The stuff of great SF? The last 10 minutes are total fantasy. But the flight to the robot factory is amazing I'll give you that. And kudos to the filmmakers for envisioning advanced synthetic species that aren't all voot, kachunk, vooooot. If you get my meaning.

jamaul
08-25-2009, 06:26 PM
I'll never forget when I first saw this movie. I think it was the first movie I ever saw where I walked out of the theater with more questions than answers.

This'll make my top ten of the decade for sure.

D_Davis
08-25-2009, 07:31 PM
The stuff of great SF? The last 10 minutes are total fantasy.

It's not fantasy at all. It beautifully tackles the meaning of perceived reality and the meaning of the self, tropes that SF has dealt with since its conception. It may use fantastic imagery, imagery steeped in fairy tales really, but it's themes are classically SF.

jamaul
08-25-2009, 07:48 PM
It's not fantasy at all. It beautifully tackles the meaning of perceived reality and the meaning of the self, tropes that SF has dealt with since its conception. It may use fantastic imagery, imagery steeped in fairy tales really, but it's themes are classically SF.

It's pretty philosophical too. I always thought David's journey to become real mirrored any of our journey for any particular philosophical or metaphysical truth or fulfillment. It's chilling, because David lives amongst his creator, and once his creator becomes extinct, all that is left is the creation, itself seeking the same philosophical and metaphysical answers we have sought since the dawn of man. The frozen city of the future at the end of A.I. is so chilling, so disturbing.

Ezee E
08-25-2009, 07:53 PM
Here's where all of Spielberg's weaknesses in other movies seem to work here. The teddy bear. Great. Mother figure. Works. Change of pace at the end... Depends on how you see it. Sometimes I like it, sometimes I don't.

And yes, Gigolo Joe. Hmm... Could he be the best Spielberg character out there?

Spinal
08-25-2009, 08:00 PM
And yes, Gigolo Joe. Hmm... Could he be the best Spielberg character out there?

Amon Goeth, methinks.

Eleven
08-25-2009, 08:03 PM
Amon Goeth, methinks.

Quint, Indy, and ET are up there as well.

BuffaloWilder
08-25-2009, 09:07 PM
I propose that once all is said and done, those of us who have blogs should condense and re-publish it under our own banner.

If I wanted to be really ambitious, I'd say we should do this more often, and publish it in a blog of some form or another, if only so that we could point and laugh at Film of the Month Club and say - "look FMC, Match-Cut has it's own blog. Ha ha ha."

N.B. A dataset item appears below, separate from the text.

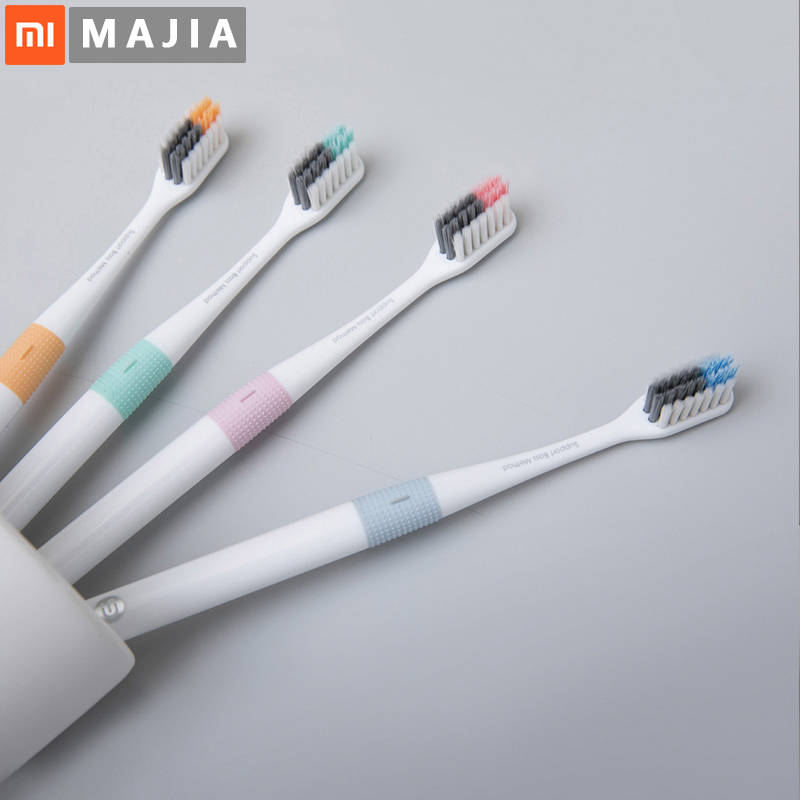 Xiaomi Doctor B Tooth mi Bass метод Sandwish-кровать лучше щетка проволока 4 цвета в том числе дорожный ящик для xiaomi умный дом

http://simpsons-scripts.wdfiles.com/local--files/start/homer-simpson

So.

Sycophant
08-26-2009, 01:57 AM
I'm going to try to watch it this weekend. I watched this probably a half dozen times back in 2002-2003.

Mysterious Dude
08-26-2009, 03:14 AM
Am I the only one who finds robots not-very-interesting? SF writers have been writing about them since Karel Čapek, but I just don't find robotics to be a particularly pressing matter in our civilization, nor do I see it becoming one in the future. What's the appeal?

Sven
08-26-2009, 03:28 AM
Am I the only one who finds robots not-very-interesting? SF writers have been writing about them since Karel Čapek, but I just don't find robotics to be a particularly pressing matter in our civilization, nor do I see it becoming one in the future. What's the appeal?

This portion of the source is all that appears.